Gun Legislation Misconceptions

On March 1st, 2018 Park City High School had a lock out; fifteen days after the mass shooting at Parkland High School in Florida. When the buzzing of the announcement began I started feeling… less than safe. No one else was worried. Why should I?

 

Was this how the students in Florida felt too before the gunshots rang out? At any moment, on any day, during any class, someone could walk into this school and kill dozens; the girl who sits next to you in math; the class clown during physics; your english teacher; the boy who sits across from you at lunch; your best friends. Your family.

 

Every 63 hours a school shooting incident occurs. We know what the shooter will look like (a young to middle aged white man), what gun he will be carrying (a semiautomatic weapon, most likely an AR-15) and how congress will respond (by sending their condolences). The only unknown is where.

 

Generation Z has never lived in a world where mass shootings do not exist. Since the year our seniors were born (1999), gun manufacturing and mass shootings (since 2011 alone) have tripled in the United States.

Not only that, but mass shootings have also become much deadlier. Fatalities per mass shooting have steadily risen with each incident. This year, in total, has already seen 52 mass shootings in 81 days, leaving 130 people dead. This statistic is often misconstrued as “total deaths from a gun”, when in fact this information does not include the lives taken by a firearm in a suicide- which accounted, “for 51% of all suicides in 2016” according to the American Foundation for Suicide Prevention.

 

Even though most deaths from a gun occur by suicide, the majority of mass shooters do not have a mental illness. Most shooters often show signs of one or more of these emotions: resentfulness, hatred, insecurity, paranoia, or violent behavior; but, “not always to the extent that they had been found to have a disorder,” Daniel Victor, a writer for the New York Times, explained after talking with multiple psychiatrists.

 

“Why don’t we impose mental health treatments to those showing signs of the emotions stated above?” is another question people argue could lower the rate of mass shootings. However, this method has not shown any effects in the past. The Sandy Hook shooter, Adam Lanza, had received counseling from multiple licensed therapists for a mild form of autism and never demonstrated any signs of violent behavior, yet, this man murdered 20 children and 6 adults in 2012.

 

Psychiatrists and psychologists could label people who they believed are a threat, but even if they were able to reach everyone in the United States and were 99 percent correct in their diagnoses there would be 3.2 million people labeled as a possible mass shooter. The Vox article This Cartoon Explains Why Predicting a Mass Shooting is Impossible dives deeper into this theory and explains that the Psychiatrists and psychologists (or in their case a machine) likely did correctly identify at least one mass shooter, but that person is buried with millions of other false positives.

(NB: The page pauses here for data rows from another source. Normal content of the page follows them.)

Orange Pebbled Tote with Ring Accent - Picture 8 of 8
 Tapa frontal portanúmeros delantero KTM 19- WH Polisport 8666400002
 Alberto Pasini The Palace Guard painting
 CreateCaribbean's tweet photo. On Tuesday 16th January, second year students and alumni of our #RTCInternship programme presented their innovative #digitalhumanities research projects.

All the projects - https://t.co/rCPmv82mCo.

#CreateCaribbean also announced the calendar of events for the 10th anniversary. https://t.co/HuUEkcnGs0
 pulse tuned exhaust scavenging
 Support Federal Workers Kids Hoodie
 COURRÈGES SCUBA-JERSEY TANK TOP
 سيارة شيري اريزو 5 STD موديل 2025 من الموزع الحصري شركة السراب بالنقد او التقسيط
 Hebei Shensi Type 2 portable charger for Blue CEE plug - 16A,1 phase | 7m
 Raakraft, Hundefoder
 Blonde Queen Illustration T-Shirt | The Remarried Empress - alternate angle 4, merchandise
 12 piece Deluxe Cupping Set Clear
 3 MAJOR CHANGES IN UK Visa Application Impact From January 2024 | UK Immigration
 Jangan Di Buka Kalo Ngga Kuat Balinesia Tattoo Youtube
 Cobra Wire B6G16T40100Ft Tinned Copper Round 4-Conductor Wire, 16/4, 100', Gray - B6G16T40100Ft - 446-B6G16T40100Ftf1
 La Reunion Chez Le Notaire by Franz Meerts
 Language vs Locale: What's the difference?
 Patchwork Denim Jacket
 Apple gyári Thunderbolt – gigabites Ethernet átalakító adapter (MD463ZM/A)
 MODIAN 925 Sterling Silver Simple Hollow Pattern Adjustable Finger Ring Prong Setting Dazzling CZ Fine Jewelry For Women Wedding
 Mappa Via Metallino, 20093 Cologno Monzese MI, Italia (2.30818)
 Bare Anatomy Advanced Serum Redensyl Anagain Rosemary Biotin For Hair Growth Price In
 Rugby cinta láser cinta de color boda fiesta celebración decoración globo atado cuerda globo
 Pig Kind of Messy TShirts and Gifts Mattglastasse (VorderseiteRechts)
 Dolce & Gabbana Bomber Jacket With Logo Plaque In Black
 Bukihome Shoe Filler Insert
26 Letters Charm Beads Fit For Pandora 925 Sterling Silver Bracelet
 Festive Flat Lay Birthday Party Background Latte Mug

Another method to decrease mass shootings is create stricter laws surrounding who can and cannot purchase a gun by using background checks. This is the most favorable proposal gaining support from both republicans and democrats, having an 86 percent approval rate as of 2017. There is ample evidence to show the success of this approach. One of them being Connecticut who saw a forty percent decrease in gun related deaths after passing a law that required background checks and safety courses; while Missouri, who repealed a law requiring background checks and permits, saw an increase in gun related deaths which totaled 50 percent higher than the national average.

 

A third process, one which was used from 1994 to 2004, known as the Violent Crime Control and Law Enforcement Act, prohibited the sales of all semiautomatic assault weapons. Liberals claim this law was effective at reducing crime, conservatives say the exact opposite. According to factcheck.org, “Both sides in the gun debate are misusing academic reports” and cherry picking facts. Although crimes committed with guns banned from this law was inconclusive, gun crimes with assault weapons did decrease, but was “offset” by the increasing use of other guns with “large capacity magazines.” However, looking at the gun homicide rates from 1981 to 2010 shows there was a 41% decrease in deaths from 1994 to 1999.

 

When the law wasn’t renewed in 2004 the semi automatic gun, the AR-15, then became legal for anyone to buy and have been used in most mass shootings since. Since 2004 there have been no national legislation passed by congress in regards to gun control despite having high approval ratings from both parties. This has led stores to implement their own “laws” on which guns they will sell and to which customers they will sell to. Dick Sporting Goods has been the forrunner of this method and will no longer sell assault-style rifles or sell guns to anyone younger than 21. Other stores enforcing the “21 and over” policy include Walmart, Fred Meyer, and L.L. Bean.

 

Other movements and events have occured in the wake of recent mass shootings, including the walkout on March 14th, where students across America walked out of their classes in support of gun control. 10 days later on March 24th people all over the globe participated in the March For Our Lives events and on April 20th another walkout is planned. In essence, large events will continue until congress passes laws which allow students to feel safe at school, employees to feel safe at work, people to feel safe at church, and fans to feel safe at concerts.